Word for word, repeat the data that follows. Do not include the pictures.

Available records: Begin

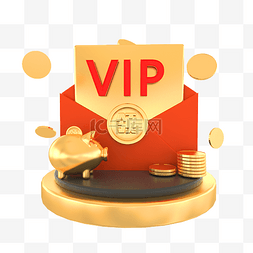 游戏弹窗弹窗图片_vip会员金融红金弹窗C4D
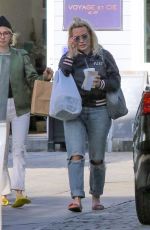 HILARY DUFF in Ripped Denim Out for Coffee in Studio City 12/18/2018
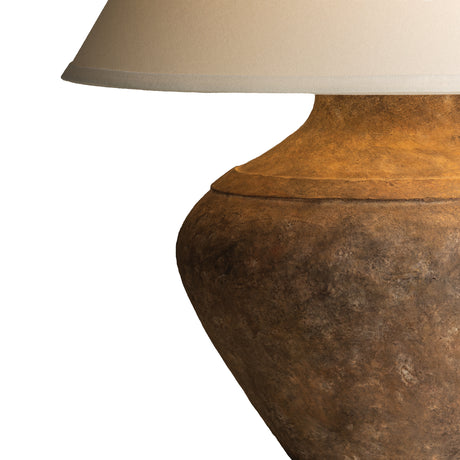 Welles Table Lamp 21", Rustic Brown with White Shade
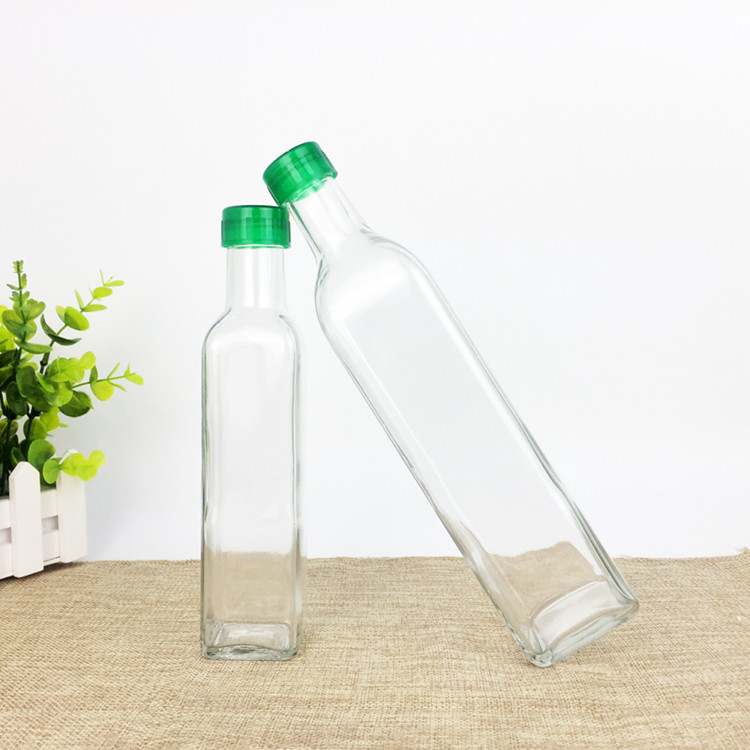 100ml 250ml 500ml 750ml 1L clear square shape glass oil bottle with metal lid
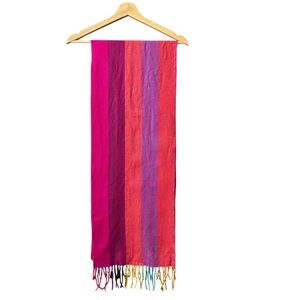 Made in Scotland Striped Pink Purple 100% Cashmere Fringe Scarf 62x12”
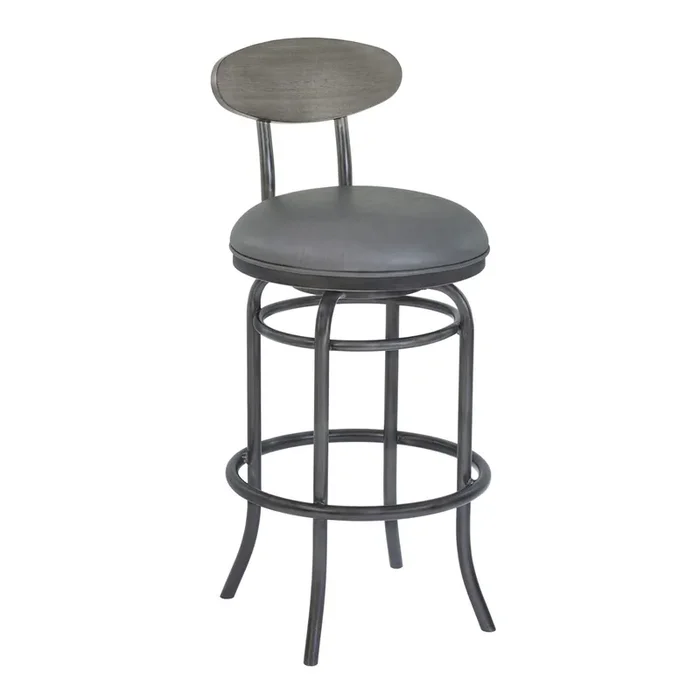 Armen Living Davis 30″ Bar Height Metal Swivel Barstool In Vintage Gray Faux Leather With Mineral Finish And Gray Walnut Wood Back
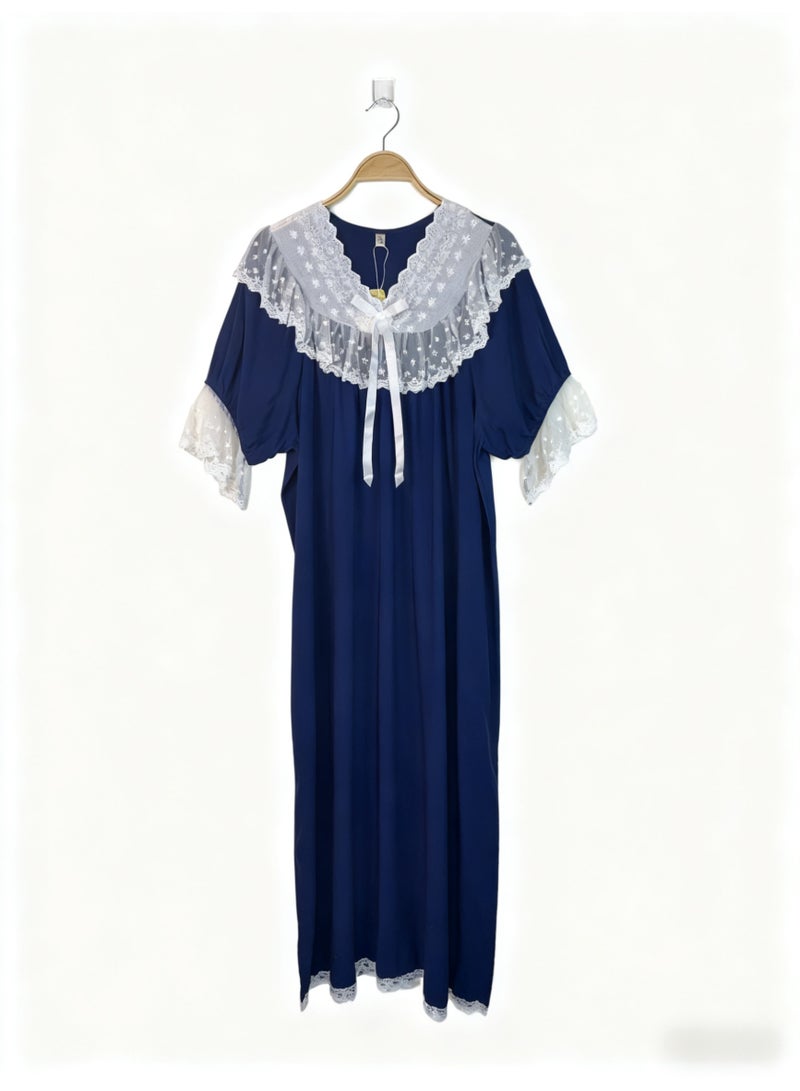 Orchid Women Short-Sleeved Lace Princess style NightGown-Comfortable and Soft Home Wear - Image 2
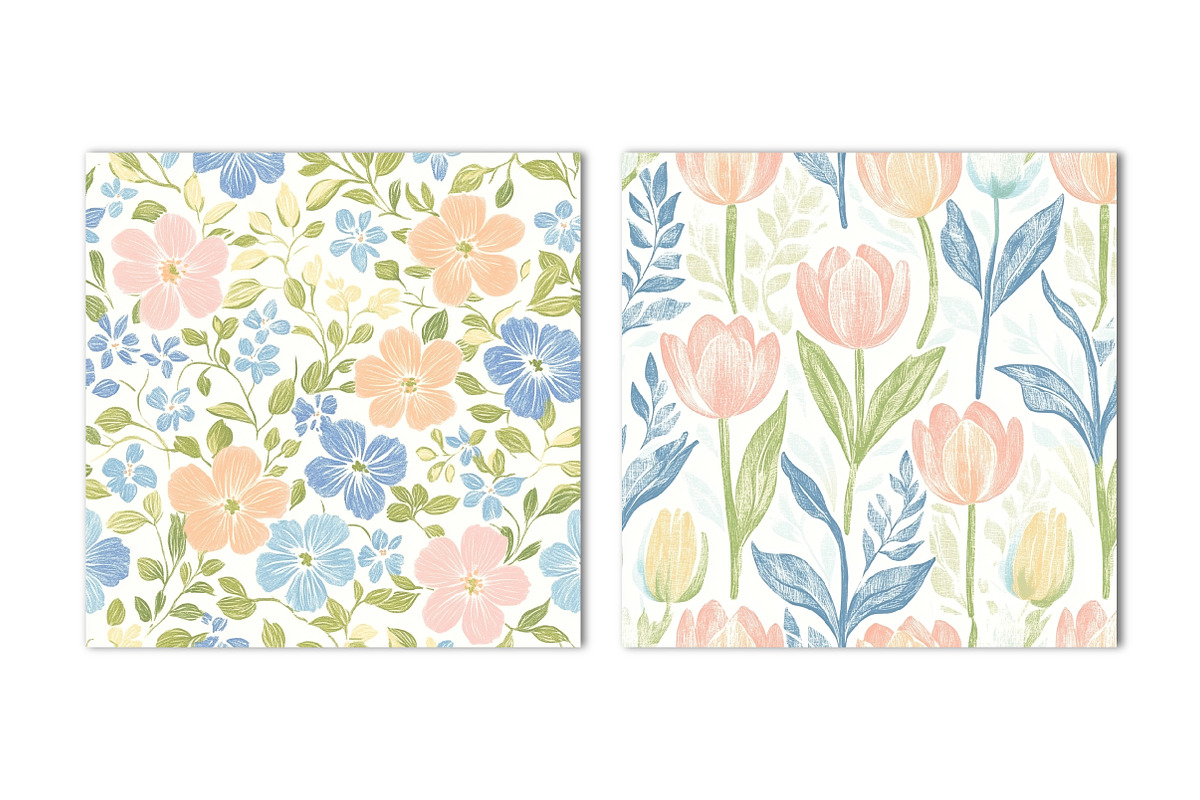 Spring Floral Seamless Patterns, an Illustration by Dream Creation (Photo 5 of 5)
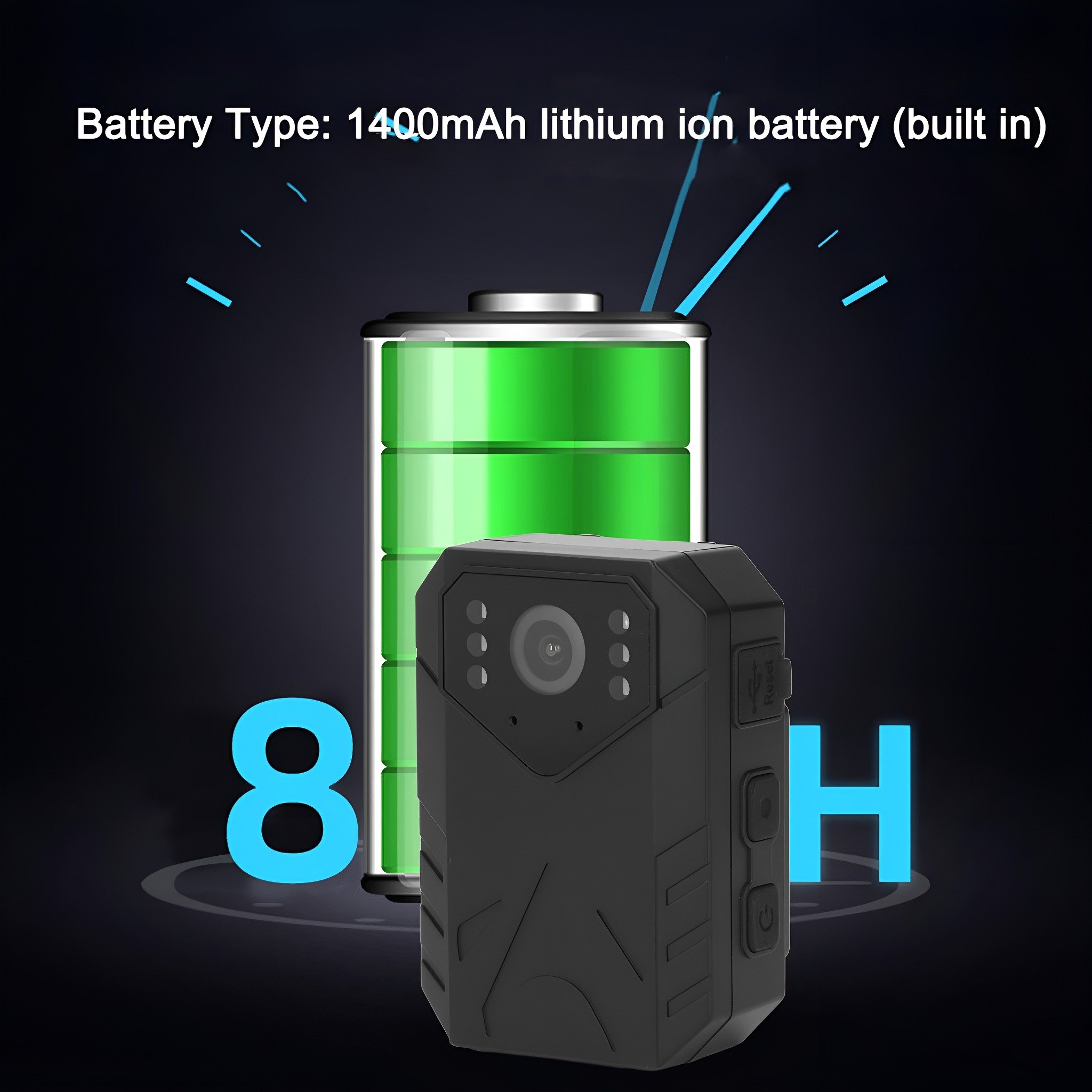 Eine schwarze Action-Kamera mit grüner Batterie, mit blauem Hintergrund.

Available records: End

**Result of the exercise:**
 游戏弹窗弹窗图片_vip会员金融红金弹窗C4D
 HILARY DUFF in Ripped Denim Out for Coffee in Studio City 12/18/2018
 Welles Table Lamp 21", Rustic Brown with White Shade
 100ml 250ml 500ml 750ml 1L clear square shape glass oil bottle with metal lid
 Made in Scotland Striped Pink Purple 100% Cashmere Fringe Scarf 62x12”
 Armen Living Davis 30″ Bar Height Metal Swivel Barstool In Vintage Gray Faux Leather With Mineral Finish And Gray Walnut Wood Back
 Orchid Women Short-Sleeved Lace Princess style NightGown-Comfortable and Soft Home Wear - Image 2
 Spring Floral Seamless Patterns, an Illustration by Dream Creation (Photo 5 of 5)
 Eine schwarze Action-Kamera mit grüner Batterie, mit blauem Hintergrund.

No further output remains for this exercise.